[Dataset records]
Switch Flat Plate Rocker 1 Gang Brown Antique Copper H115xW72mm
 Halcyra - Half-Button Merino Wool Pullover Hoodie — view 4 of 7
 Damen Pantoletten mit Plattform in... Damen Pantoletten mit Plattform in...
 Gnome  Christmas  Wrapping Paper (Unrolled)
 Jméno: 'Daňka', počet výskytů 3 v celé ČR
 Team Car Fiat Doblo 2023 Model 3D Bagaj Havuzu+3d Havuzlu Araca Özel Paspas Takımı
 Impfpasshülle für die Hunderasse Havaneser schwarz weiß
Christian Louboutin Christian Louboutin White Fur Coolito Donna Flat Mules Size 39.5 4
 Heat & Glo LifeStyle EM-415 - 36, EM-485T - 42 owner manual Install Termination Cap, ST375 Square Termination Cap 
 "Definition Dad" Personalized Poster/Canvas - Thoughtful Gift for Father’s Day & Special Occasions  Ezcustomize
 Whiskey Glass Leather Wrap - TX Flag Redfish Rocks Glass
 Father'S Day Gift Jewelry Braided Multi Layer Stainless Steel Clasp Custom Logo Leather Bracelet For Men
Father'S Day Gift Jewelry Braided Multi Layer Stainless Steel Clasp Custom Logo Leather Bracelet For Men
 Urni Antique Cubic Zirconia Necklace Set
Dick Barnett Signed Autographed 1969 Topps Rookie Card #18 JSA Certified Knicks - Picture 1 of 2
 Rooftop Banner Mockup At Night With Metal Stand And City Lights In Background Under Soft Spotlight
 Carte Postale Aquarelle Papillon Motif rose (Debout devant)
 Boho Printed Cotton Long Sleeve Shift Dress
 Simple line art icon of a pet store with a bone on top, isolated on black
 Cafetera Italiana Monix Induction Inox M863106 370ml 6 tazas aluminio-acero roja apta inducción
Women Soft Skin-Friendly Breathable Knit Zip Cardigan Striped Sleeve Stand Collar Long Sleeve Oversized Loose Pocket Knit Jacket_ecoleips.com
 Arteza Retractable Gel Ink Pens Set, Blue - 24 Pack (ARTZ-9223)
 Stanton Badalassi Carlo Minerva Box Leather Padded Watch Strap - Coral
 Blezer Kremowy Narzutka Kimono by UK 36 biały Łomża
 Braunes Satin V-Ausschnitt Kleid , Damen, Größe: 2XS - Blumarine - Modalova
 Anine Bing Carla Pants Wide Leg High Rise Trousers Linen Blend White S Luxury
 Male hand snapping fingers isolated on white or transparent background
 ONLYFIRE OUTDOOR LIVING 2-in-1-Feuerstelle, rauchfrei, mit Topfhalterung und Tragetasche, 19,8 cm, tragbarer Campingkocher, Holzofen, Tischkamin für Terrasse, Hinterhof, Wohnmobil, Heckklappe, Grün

§ Exercise
If a line in the data above holds the string "isolated", report that line.

§ Result
 Simple line art icon of a pet store with a bone on top, isolated on black
 Male hand snapping fingers isolated on white or transparent background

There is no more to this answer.